Rawlins to Hwy 28, WY
The weather forecast called for thunderstorms all week. We left Rawlins carrying on about how we’d have afternoon showers to cool the hot days across the Great Divide Basin. We were only a few miles down the trail when droplets of water began falling from the sky. It started out as a light sprinkle, quit, and then started again. Neon put on his rain jacket, but I held out thinking it wasn’t really going to rain. It wasn’t much longer before the drops got bigger, more frequent, and the skies got blacker. Then, it seemed with a sudden certainty that we were about to have a very different kind of experience. The skies rumbled and the clamor of what seemed like a Greek lesson in mythology began. Thunder, lightening, and buckets of rain. And that’s when the story changed from what we thought was going to be a hot shadeless day into what turned out to be a Noah’s Ark kind of rain.
The rain kept coming and by late afternoon the sky was so dark it looked like evening. Thunder was loud and close and lightening was all around. Our trail was going up and over every ridge in front of us, but there was no place to stop to wait it out. The rain turned everything to mud, slippery, sticky mud. Our pace slowed to about one mile an hour while we slogged through the slippery pudding-like mud. Every wash turned into a creek. We started to get chilled. It’s funny how things so often turn out so differently than what we imagine they will be. Hot, shadeless, what I thought was going to be a desert, started out with our wettest rain of the entire trek, and turned into a beautiful, shadless, lush, grassland.
Finally our trail took a turn into the hills and the ground got more rocky and less muddy. After a couple more hours we made it to Bull Spring and the most beautiful sage forest I had ever seen. These were not ordinary sage. They were tall, beautiful, and twisted. Hundreds of sage at least eight feet tall. I had no idea they could grow that large. They were all giants compared to any sage I had ever seen before this. We set up our tent in the middle them and crawled in out of the now drizzling rain.
We woke to clear blue skies and easy walking. The miles came and went easily. By mid afternoon the sky in front of us became dark and what looked like the most evil storm I had ever seen loomed on the horizon ahead of us. We stopped for one last sunny break and watched the storm move across the horizon away from us. Storm gone, skies clear, the days passed easily, and then became hot.
Nearing Brenton Springs the ticks got thick. It seemed I was plucking one off my lower legs every quarter mile. It was creepy and kept me jumping at every little tickle I felt. Finding shade was impossible, but more importantly, finding bare ground without ticks became necessary. Our rests breaks were hot, often in a rocky wash, sweating, and swatting away flies. By the time we reached Upper Mormon Springs I had plucked twenty-eight ticks off my legs.
Our trail at this point was coincident with the Oregon Trail. We had long talks about what it might have been like traveling the Oregon Trail, moving across the country. Crossing one of the washes, I looked down, and there was an old Indian arrowhead made out of what looked like amber obsidian. This sent my thoughts whirling about who made it, what their life was like, and what events transpired when they lost it.

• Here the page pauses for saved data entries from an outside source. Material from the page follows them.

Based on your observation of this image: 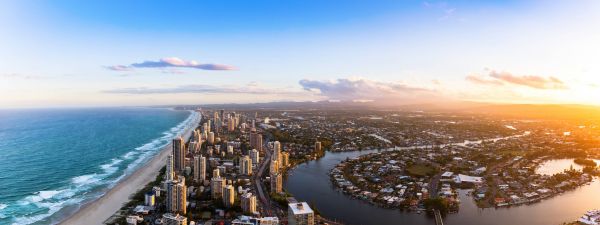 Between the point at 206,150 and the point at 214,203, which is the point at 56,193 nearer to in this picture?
the point at 214,203

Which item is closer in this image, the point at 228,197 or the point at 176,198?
the point at 176,198

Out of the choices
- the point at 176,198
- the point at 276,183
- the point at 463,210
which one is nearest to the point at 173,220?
the point at 176,198

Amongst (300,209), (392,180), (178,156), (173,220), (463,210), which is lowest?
(463,210)

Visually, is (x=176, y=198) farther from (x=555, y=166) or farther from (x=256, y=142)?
(x=555, y=166)

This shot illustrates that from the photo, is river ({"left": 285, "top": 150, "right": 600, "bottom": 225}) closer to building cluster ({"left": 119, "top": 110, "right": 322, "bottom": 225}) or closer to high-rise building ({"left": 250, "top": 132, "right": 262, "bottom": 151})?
building cluster ({"left": 119, "top": 110, "right": 322, "bottom": 225})

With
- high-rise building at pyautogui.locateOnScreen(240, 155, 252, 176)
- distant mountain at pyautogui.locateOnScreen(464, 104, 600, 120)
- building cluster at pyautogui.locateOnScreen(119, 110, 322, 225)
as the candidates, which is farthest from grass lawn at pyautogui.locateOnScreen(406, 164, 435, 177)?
distant mountain at pyautogui.locateOnScreen(464, 104, 600, 120)

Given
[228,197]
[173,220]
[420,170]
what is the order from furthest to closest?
[420,170] < [228,197] < [173,220] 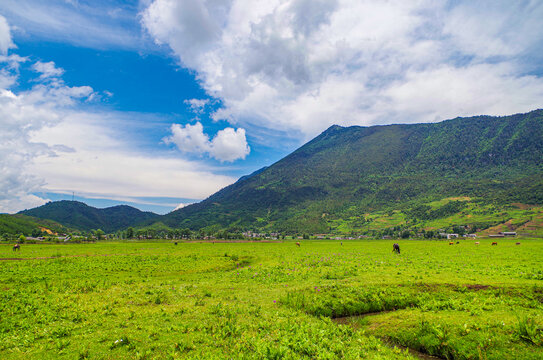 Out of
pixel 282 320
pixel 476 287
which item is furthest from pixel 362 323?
pixel 476 287

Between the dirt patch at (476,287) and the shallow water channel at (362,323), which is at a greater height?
the dirt patch at (476,287)

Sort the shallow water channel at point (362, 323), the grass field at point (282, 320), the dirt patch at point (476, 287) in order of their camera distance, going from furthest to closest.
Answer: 1. the dirt patch at point (476, 287)
2. the shallow water channel at point (362, 323)
3. the grass field at point (282, 320)

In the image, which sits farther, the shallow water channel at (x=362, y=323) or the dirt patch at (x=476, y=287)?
the dirt patch at (x=476, y=287)

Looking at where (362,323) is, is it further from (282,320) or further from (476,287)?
(476,287)

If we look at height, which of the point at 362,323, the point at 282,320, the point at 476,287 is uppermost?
the point at 476,287

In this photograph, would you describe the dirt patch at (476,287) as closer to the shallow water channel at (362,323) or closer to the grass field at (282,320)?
the grass field at (282,320)

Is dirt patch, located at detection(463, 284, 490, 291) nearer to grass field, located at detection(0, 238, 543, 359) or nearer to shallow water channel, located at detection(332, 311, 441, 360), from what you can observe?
grass field, located at detection(0, 238, 543, 359)

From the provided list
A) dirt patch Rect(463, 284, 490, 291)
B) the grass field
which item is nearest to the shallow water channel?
the grass field

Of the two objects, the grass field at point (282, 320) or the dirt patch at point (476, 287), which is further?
the dirt patch at point (476, 287)

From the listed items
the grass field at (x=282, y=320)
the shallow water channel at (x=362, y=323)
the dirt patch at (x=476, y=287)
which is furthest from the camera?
the dirt patch at (x=476, y=287)

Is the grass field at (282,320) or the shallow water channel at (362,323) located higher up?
the grass field at (282,320)

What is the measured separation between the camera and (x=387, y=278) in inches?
854

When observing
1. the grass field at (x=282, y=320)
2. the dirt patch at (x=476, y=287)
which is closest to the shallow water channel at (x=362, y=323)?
the grass field at (x=282, y=320)

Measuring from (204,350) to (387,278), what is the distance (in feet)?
57.7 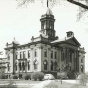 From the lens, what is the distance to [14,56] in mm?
56156

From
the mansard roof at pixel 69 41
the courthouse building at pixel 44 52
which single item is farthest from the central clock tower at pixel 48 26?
the mansard roof at pixel 69 41

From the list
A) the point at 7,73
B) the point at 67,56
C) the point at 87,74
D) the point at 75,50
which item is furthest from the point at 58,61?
the point at 87,74

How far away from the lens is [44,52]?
164 ft

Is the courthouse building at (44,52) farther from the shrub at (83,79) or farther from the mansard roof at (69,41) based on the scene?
the shrub at (83,79)

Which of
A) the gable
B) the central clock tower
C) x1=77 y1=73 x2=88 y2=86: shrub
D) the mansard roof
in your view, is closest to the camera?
x1=77 y1=73 x2=88 y2=86: shrub

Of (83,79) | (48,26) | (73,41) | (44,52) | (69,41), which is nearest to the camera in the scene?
(83,79)

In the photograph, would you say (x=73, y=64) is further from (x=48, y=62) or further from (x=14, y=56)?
(x=14, y=56)

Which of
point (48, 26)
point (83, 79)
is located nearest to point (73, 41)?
point (48, 26)

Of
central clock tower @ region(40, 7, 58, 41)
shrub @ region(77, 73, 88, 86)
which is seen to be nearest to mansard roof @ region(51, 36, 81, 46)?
central clock tower @ region(40, 7, 58, 41)

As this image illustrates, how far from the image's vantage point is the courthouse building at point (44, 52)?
163ft

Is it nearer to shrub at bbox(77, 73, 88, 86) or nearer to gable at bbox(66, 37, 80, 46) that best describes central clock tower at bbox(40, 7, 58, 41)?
gable at bbox(66, 37, 80, 46)

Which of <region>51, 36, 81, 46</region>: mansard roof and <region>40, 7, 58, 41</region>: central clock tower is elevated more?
<region>40, 7, 58, 41</region>: central clock tower

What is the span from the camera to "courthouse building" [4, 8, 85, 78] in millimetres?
49531

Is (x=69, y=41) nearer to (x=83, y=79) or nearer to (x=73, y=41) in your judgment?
(x=73, y=41) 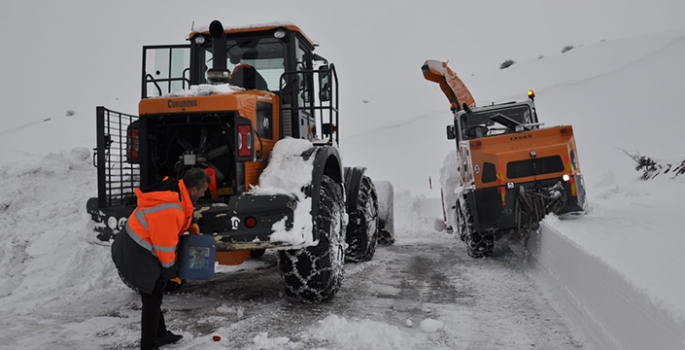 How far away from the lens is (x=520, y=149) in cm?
698

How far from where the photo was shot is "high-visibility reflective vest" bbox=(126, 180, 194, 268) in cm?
380

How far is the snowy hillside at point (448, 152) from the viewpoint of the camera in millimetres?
4715

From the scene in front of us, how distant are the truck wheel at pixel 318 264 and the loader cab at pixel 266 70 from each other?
1.12 metres

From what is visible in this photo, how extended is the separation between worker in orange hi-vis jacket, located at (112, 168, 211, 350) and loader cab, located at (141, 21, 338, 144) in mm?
2037

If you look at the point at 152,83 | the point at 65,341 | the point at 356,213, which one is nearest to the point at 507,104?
the point at 356,213

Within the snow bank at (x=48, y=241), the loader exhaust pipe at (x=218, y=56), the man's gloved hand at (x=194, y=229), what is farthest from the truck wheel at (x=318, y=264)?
the snow bank at (x=48, y=241)

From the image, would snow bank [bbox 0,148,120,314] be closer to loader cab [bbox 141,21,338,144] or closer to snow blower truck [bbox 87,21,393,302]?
Answer: snow blower truck [bbox 87,21,393,302]

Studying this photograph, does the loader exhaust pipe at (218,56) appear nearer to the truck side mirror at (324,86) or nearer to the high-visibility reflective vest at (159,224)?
the truck side mirror at (324,86)

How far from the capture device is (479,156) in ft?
23.3

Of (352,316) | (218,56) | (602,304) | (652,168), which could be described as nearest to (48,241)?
(218,56)

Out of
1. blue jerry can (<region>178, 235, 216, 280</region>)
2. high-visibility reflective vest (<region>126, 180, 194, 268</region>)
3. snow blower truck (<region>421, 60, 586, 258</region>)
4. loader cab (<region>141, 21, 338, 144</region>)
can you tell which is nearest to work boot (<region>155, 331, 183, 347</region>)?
blue jerry can (<region>178, 235, 216, 280</region>)

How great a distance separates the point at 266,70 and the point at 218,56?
86cm

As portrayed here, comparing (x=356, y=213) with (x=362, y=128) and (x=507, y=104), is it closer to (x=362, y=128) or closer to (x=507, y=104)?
(x=507, y=104)

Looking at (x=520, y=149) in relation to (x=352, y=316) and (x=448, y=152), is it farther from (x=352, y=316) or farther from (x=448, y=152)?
(x=448, y=152) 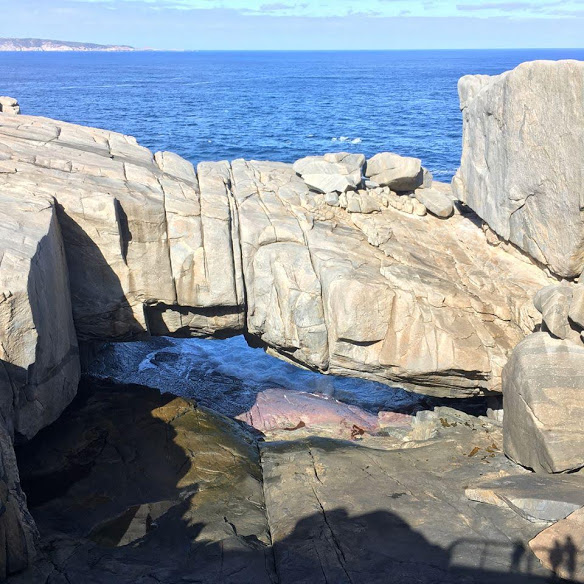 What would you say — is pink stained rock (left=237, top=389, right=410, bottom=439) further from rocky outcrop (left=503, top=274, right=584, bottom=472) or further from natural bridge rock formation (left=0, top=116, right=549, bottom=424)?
rocky outcrop (left=503, top=274, right=584, bottom=472)

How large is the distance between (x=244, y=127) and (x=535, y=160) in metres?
47.4

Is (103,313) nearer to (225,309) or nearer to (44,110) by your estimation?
(225,309)

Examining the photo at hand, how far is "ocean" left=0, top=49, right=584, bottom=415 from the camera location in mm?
19859

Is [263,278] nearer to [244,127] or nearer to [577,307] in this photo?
[577,307]

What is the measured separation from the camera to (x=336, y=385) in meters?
20.2

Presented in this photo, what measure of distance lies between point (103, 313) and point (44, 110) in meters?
61.5

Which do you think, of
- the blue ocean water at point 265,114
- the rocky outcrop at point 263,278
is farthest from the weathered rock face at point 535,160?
the blue ocean water at point 265,114

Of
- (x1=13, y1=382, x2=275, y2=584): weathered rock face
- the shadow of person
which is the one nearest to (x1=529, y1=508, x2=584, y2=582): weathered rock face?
the shadow of person

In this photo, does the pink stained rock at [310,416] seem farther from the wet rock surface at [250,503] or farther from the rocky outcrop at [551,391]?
the rocky outcrop at [551,391]

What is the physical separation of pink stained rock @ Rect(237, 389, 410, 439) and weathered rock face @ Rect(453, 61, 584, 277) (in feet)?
19.9

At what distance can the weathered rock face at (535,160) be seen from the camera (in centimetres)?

We walk for so many reasons and still perhaps we don’t know why we walk. I wonder if those traveling the Oregon Trail every wondered why they left one place to travel such a long and difficult path to reach an unknown life on the other end of their journey. I remember a couple of years ago thinking deeply about why I was walking the Pacific Crest Trail. We were sitting at a picnic table at a roadside trailhead discussing why we were walking so far. A man approached us and asked, “Are you hiking the PCT?” We answered yes and he told us he had hiked it in his youth. We told him that we were just in the middle of asking our selves why we were doing it, when he stopped us and said, “You’re thinking about it too much. Just do it. You will never regret it.” I think about that moment so often. His words ring through my thoughts like a mystery that’s just not meant to be solved. “Just do it! You will never regret it!”